Author Paro Anand, who has in the recent past seen two of her books taken off the reading list in schools, says she will never stop writing stories for children that are really needed in this increasingly fragmenting world.
Anand was recently awarded the Sahitya Akademi Bal Puruskar for her 2011 book "Wild Child and Other Stories", which has now been published as "Like Smoke: 20 Teens 20 Stories".
She says the Sahitya Akademi award is a validation of serious literature for young people being taken seriously. The Sahitya Akademi has only recently included children's literature in their awards.
"Personally, I felt a sense of completion, of having arrived at the destination that I have fought for, strived for and struggled for. Everything from now on is just bonus," Anand told PTI.
The key mantra through "Wild Child and Other Stories" is empathy and inclusiveness.
"When 'Wild Child' was being written, I was going through a very dark time myself. Both my parents were very ill and almost racing to the finish line together. My editor, Jaya Bhattacharjee, held my hand through the raw emotion that was the process of this writing.
"Later, we realised that this book could hold more, had even more potential, so we re-launched it with a lot more original content as 'Like Smoke'," she says.
The book was republished recently by Penguin.
Anand says she would like, through her stories in "Wild Child", to empower young people to make positive changes in their own lives as well as in the lives of others.
"The teen years are a dark time. I want young people to realise that there is a light at the end of even the darkest tunnel. I want those in a more comfortable place to feel empathy for those who are less fortunate. I want those smack in the middle of crisis to feel less alone," she says.
Anand had been working for a while with children in very privileged urban schools around the country and when she would talk about prejudice, every time, they talked about the big issues of racial discrimination like apartheid or slavery - far off issues in far off lands.
"But all failed to recognise how prevalent it was closer home and especially within themselves. I don't want to blame anyone, I just want us all, especially young people to question whether some of the views and differences they talk about are really their views or the views that are repeated within their hearing over and over," she says.
Asked why her books including "Wild Child and Other Stories" were banned by schools even though she addressed many pertinent issues, Anand says she had been trying to meet those people who raised the objections to try and discuss those objections.
"I am open to correcting myself, If I find their points valid. But so far, no one has been willing to meet me. A reason could be: the first line of the book ('Wild Child') is startling and certainly deeply offensive. But these are not the views of Paro Anand, these are actual words I heard children say over and over again all over the country and indeed the world. The story starts with these words, but it ends in a totally opposite place," she says.
The second reason, according to her, could be the fact that the boy and girl exchange a hurried kiss on school premises.
"Ah, now in the story, they immediately realise that they shouldn't have done it.
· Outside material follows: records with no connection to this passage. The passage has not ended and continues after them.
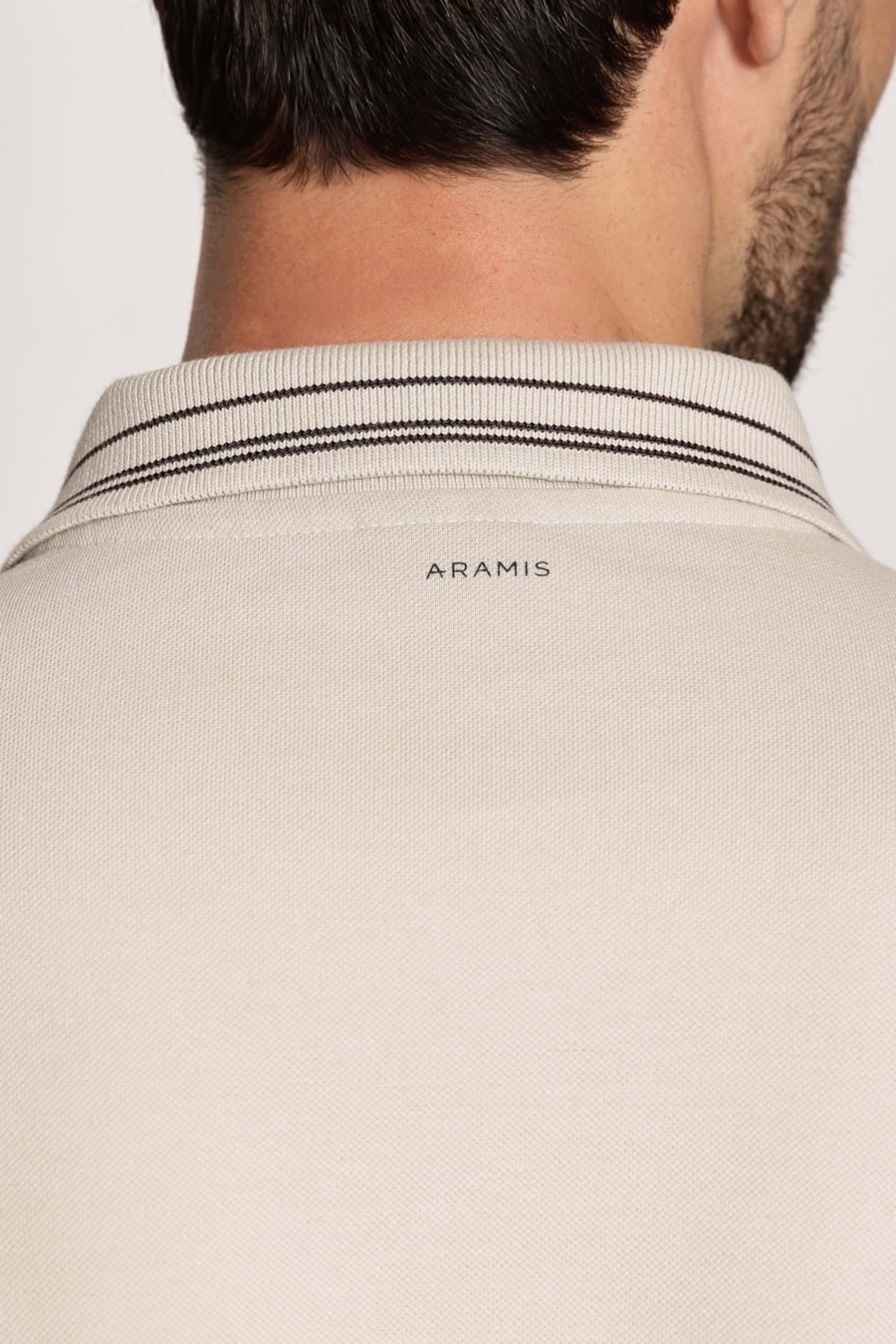 Polo Manga Curta Piquet Gola Listras Off White — foto 4 de 6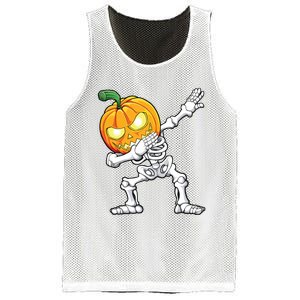 Halloween Boy Dabbing Skeleton Scary Pumpkin Jack O Lantern Mesh Reversible Basketball Jersey Tank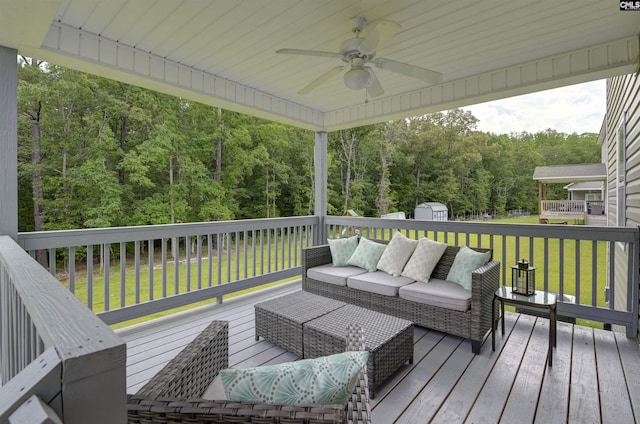 53 Findlay Cir, Elgin, SC 29045 - deck featuring ceiling fan, a lawn, an outdoor hangout area, and a forest view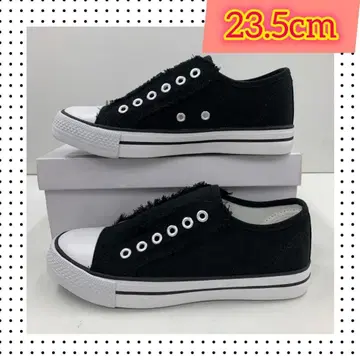 23.5cm 여성용 새상품 폭 넓은 끈 없는 캔버스 슬립온 편안한 블랙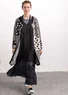 Long gilet "Zoe" en laine (noir nature XXL)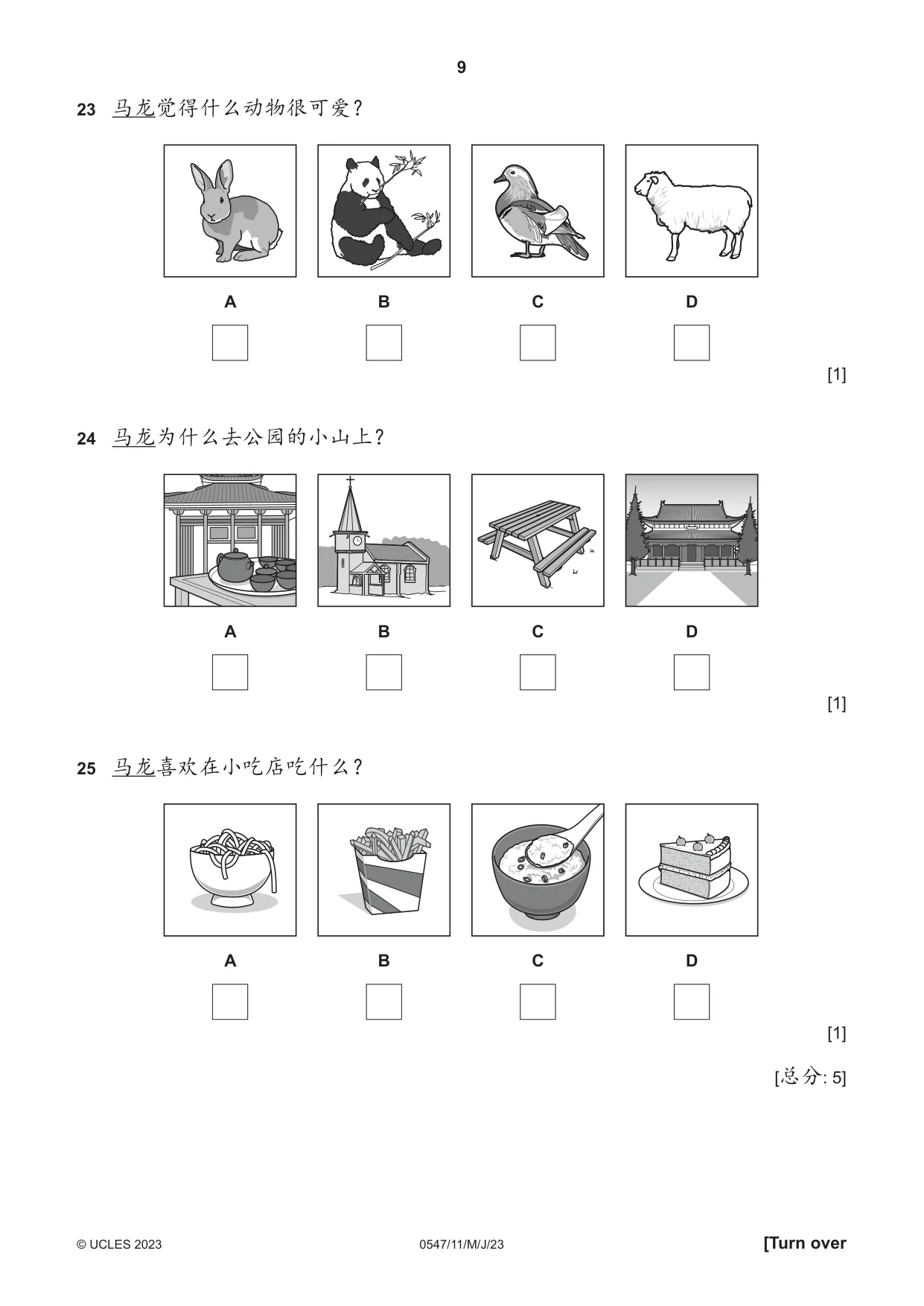 Cambridge IGCSE Chinese (Mandarin) - Foreign Language 0547 2023 May/June Paper 1 · Variant 1 question paper, page 9 of 12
Harry Potter, the Twilight series, Hunger Games -- endless books available in schools -- have a loving relationship between characters. It seems the objection is only valid if it is an Indian story set in an Indian school! That seems pretty unfair. And the story never advocates kissing, it just happens," she says.
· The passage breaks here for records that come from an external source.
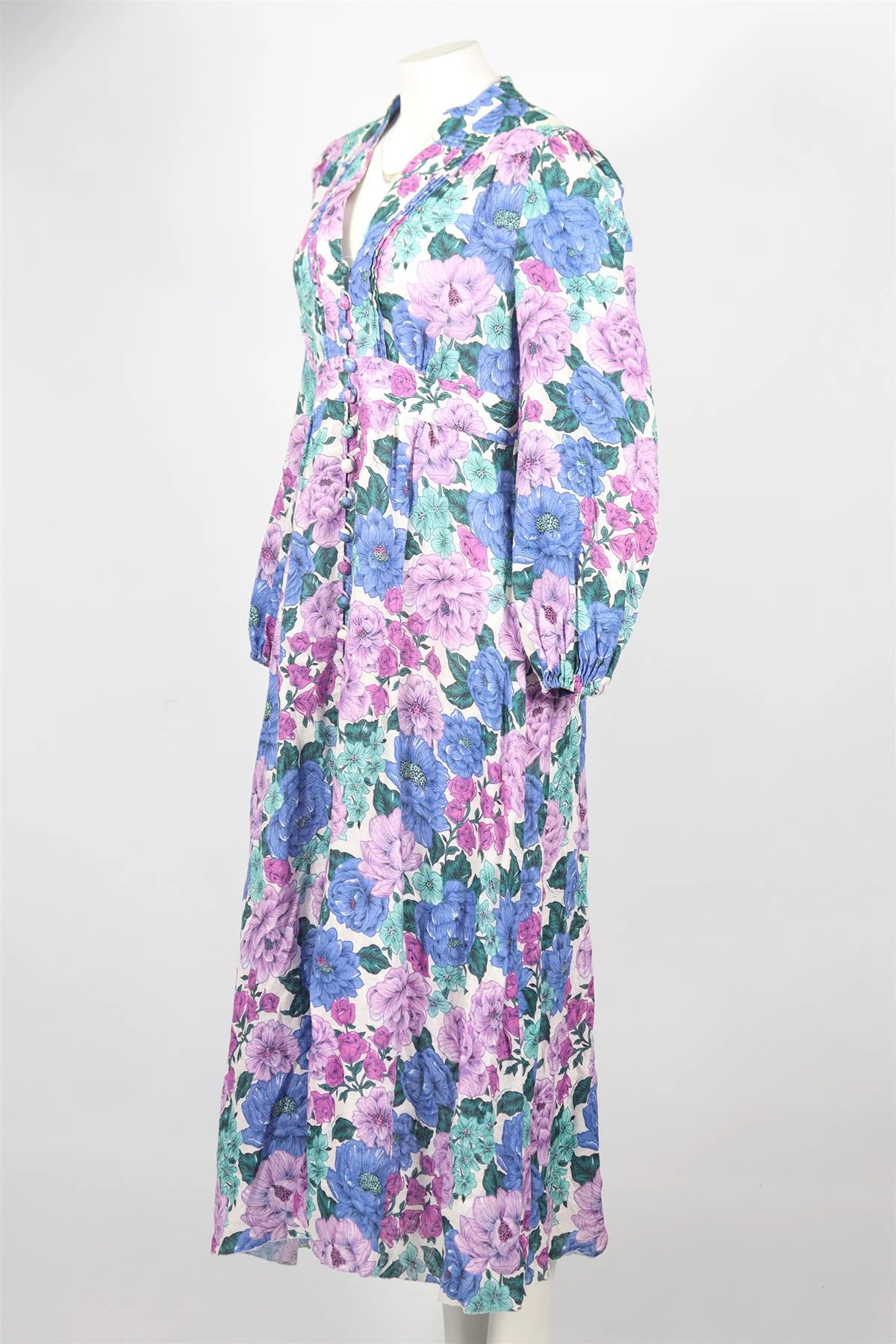 ZIMMERMANN FLORAL PRINT LINEN MAXI DRESS UK 12 - Image 3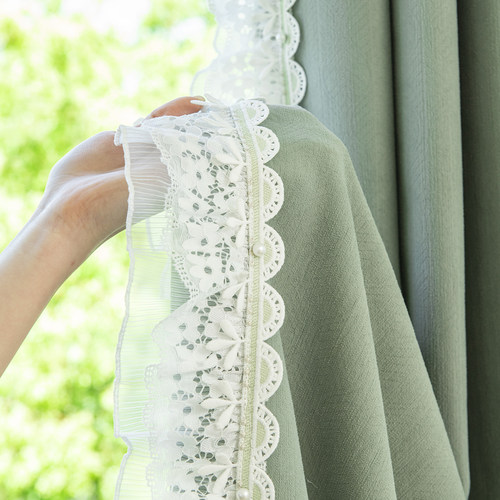 窗帘波浪小香风现代法式浪漫蕾丝花边白色窗纱帘卧室阳台M-957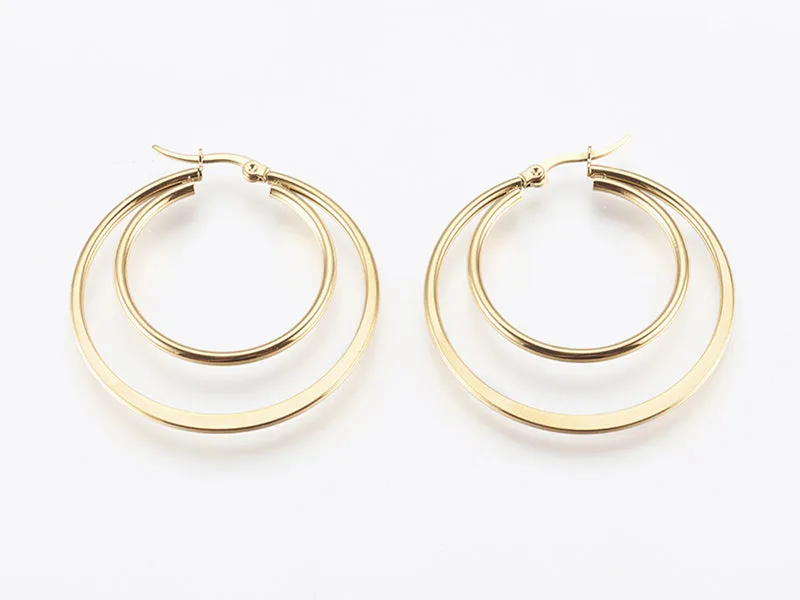 La Petite Epicerie dubbele creolen oorbellen goud 45 mm staal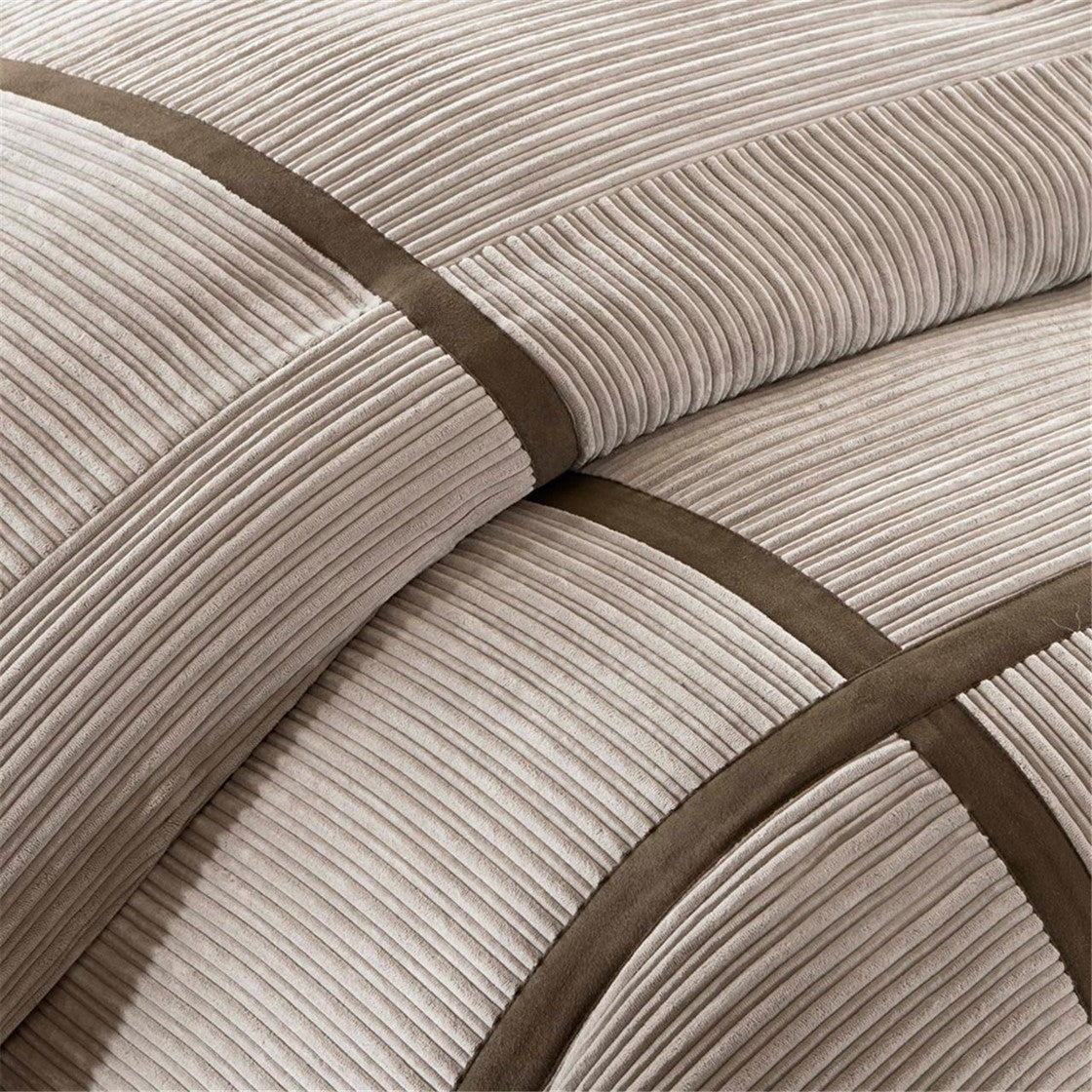 7 Piece Micro Corduroy Comforter Set Taupe King King Taupe Polyester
Another fact could be that a boy from one religion and a girl from another fall in love, Anand says.
"But shouldn't we be comfortable and happy when hate is replaced by love," she asks
The move by schools did not deter you.
"It only showed me that I was on the right track. It spurred me on. My next book, 'The Other', pushes the boundaries even more. I was upset, at first, but only because I was unable to meet with those who were raising the objections and dialogue with them. My stories all encourage inclusiveness, to find common ground and stop the hatred.
"I know that I will never stop writing these stories.
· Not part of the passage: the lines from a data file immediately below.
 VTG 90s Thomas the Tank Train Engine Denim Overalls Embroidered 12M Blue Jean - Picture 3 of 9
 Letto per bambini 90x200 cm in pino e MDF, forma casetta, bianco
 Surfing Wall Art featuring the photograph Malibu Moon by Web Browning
Writing the pretty, sweet stories are easy, but these are the ones that we really do need in this increasingly fragmenting world," she says.
Anand spend half of her professional life interacting with young people.
"I have worked with over 3 lakh children over the years and the number keeps growing. I am endlessly inspired by them and astonished by this generation. It gives me so much hope for our future. They are powerful beings and I would love to play a tiny role in equipping them to be agents of positive change," she says.
Anand is now working on a collection of stories called "The Other" which pushes "Wild Child" and "Like Smoke" even further.
"I am also trying to write a novel on finding roots called 'Nomads Land'," she says.